The Armed Forces Command and Staff College, Jaji is a training facility for the Nigerian Armed Forces, including the army, air force and navy. It is near the village of Jaji, Nigeria, about  northeast of Kaduna in the Igabi Local Government Area (LGA) of Kaduna State, Nigeria. It is currently headed by Air Vice Marshal OA TUWASE.

History
The Armed Forces Command and Staff College opened at Jaji in May 1976, giving two senior officers' courses. In April 1978, the college was expanded when the Army Junior Division was established to conduct courses for Captains in the Nigerian Army.
A Demonstration Battalion, the Army School of Artillery, and armor support from a composite armored battalion in Kaduna were also located at Jaji.
In September 1978, with the opening of the air faculty, Jaji was redesignated the Command and Staff College. The Navy Faculty was established in September 1981, assembling all senior military divisions in one campus. By 1986, 1,172 officers had graduated from Jaji's senior divisions, and 1,320 from the junior divisions.

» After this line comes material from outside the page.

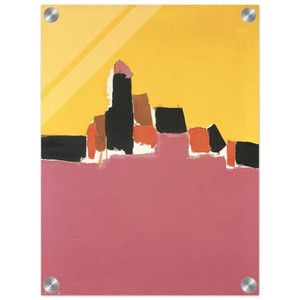 Nicolas de Stael  Syracuse  Lyrical Abstraction Acrylic Print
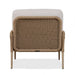 Morro outdoor chair back view showing wicker weave pattern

The original senior officers' courses were based on a curriculum derived from that of the British Army Staff College, Camberley, and the college establishment was assisted by an advisory team from the British Army. The successor to the advisory team, the Joint Warfare Advisory Team, remained until October 1988.

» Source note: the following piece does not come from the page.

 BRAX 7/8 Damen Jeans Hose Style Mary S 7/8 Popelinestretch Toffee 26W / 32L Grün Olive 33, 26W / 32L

In September 2005, United Kingdom Armed Forces Minister Adam Ingram visited Jaji and announced that an extra 200,000 UK pounds would be allocated to assist training of over 17,000 Nigerian troops as peacekeepers in Africa.
In November 2006, the Prince of Wales of the United Kingdom visited Nigeria and inspected soldiers at Jaji.

Courses and facilities
In order to achieve its mission, the college runs three courses, namely:
 Senior Course for Majors and their equivalent,
 Junior Course for Captains and their equivalent, and
 Staff Duties Course for Senior NCOs (Non Commissioned Officers) of the 3 Services. The Senior Divisions of the Land, Maritime and Air Warfare Departments conduct a one - year joint course per academic year for the officers of the rank of major or its equivalent.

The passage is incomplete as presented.